* [WHAT TO WORK ON] Would you please return the data below verbatim, without its pictures?

* [DATA SECTION]
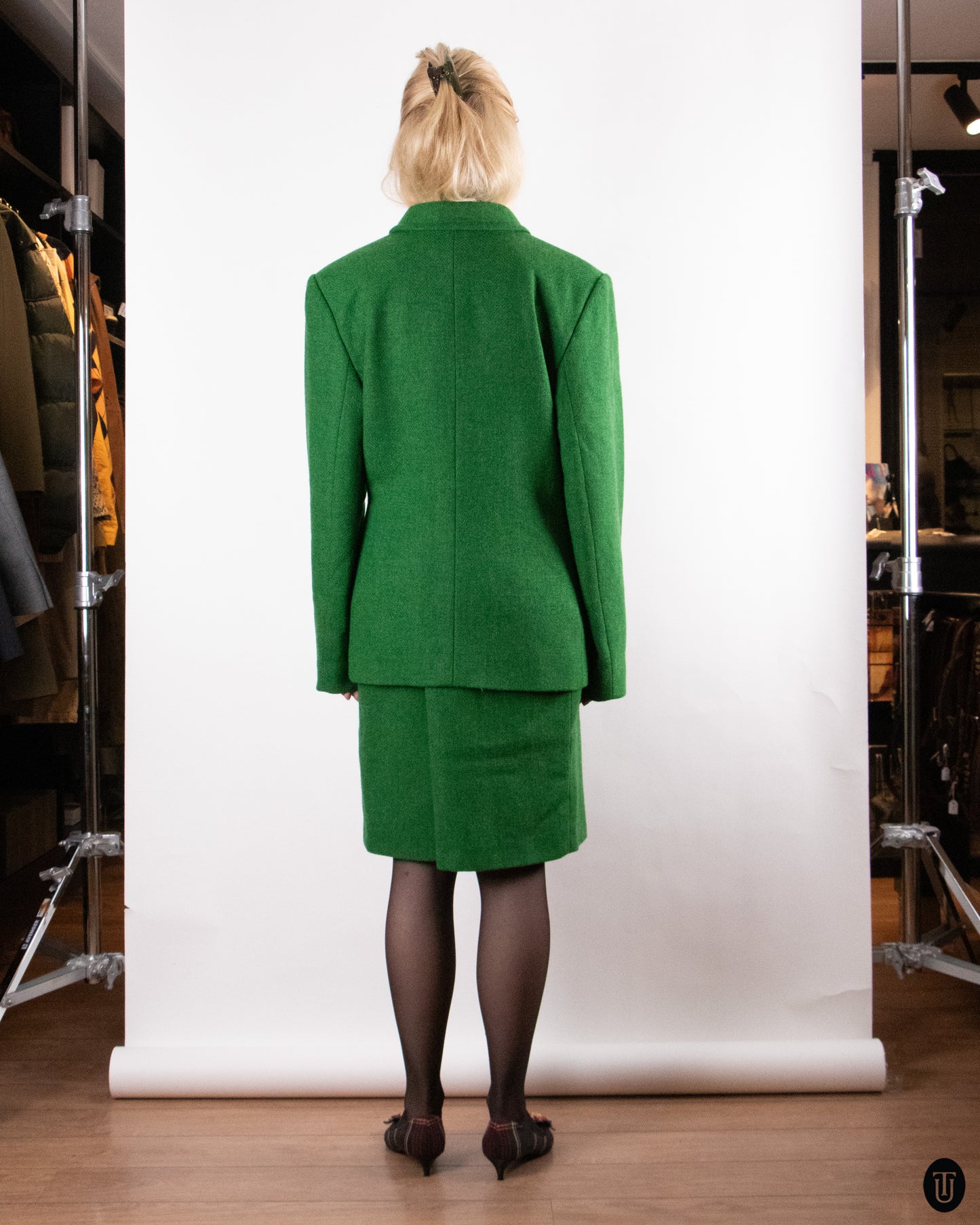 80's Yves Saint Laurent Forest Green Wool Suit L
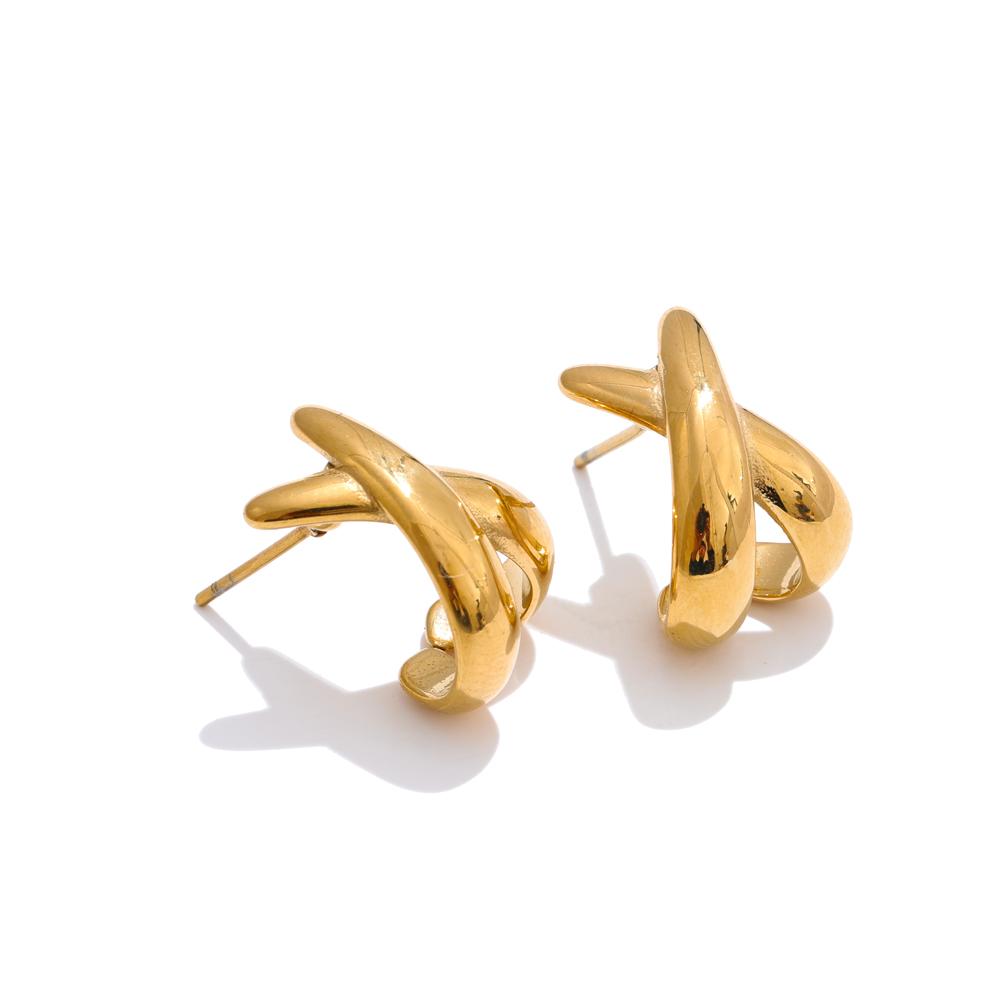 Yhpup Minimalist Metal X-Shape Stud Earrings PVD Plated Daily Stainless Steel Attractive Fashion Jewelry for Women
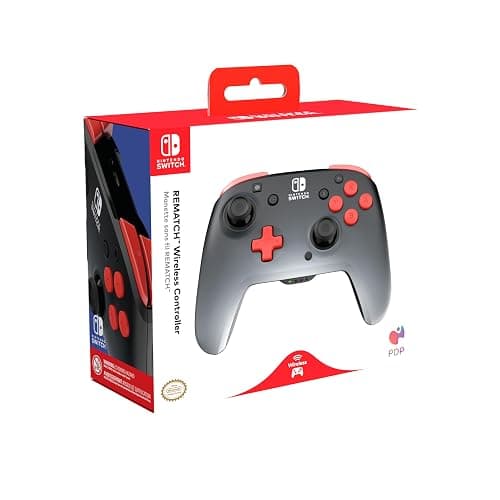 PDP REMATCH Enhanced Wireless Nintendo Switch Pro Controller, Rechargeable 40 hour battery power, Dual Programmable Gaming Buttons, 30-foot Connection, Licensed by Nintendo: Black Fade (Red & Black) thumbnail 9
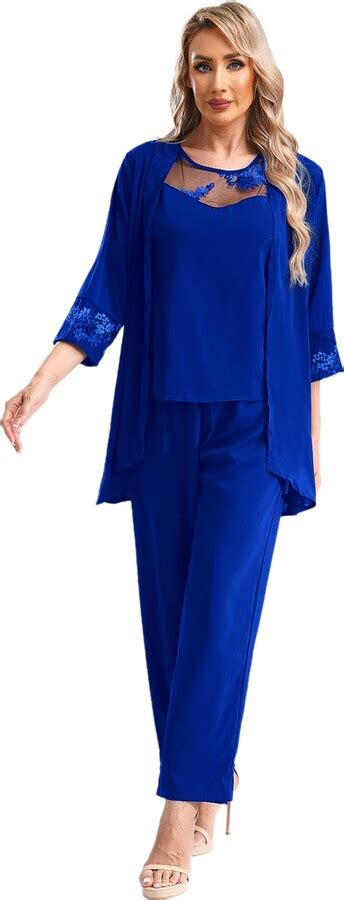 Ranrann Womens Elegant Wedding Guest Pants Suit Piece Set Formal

* [ANSWER TO THIS TASK]
 80's Yves Saint Laurent Forest Green Wool Suit L
 Yhpup Minimalist Metal X-Shape Stud Earrings PVD Plated Daily Stainless Steel Attractive Fashion Jewelry for Women
 PDP REMATCH Enhanced Wireless Nintendo Switch Pro Controller, Rechargeable 40 hour battery power, Dual Programmable Gaming Buttons, 30-foot Connection, Licensed by Nintendo: Black Fade (Red & Black) thumbnail 9
 Ranrann Womens Elegant Wedding Guest Pants Suit Piece Set Formal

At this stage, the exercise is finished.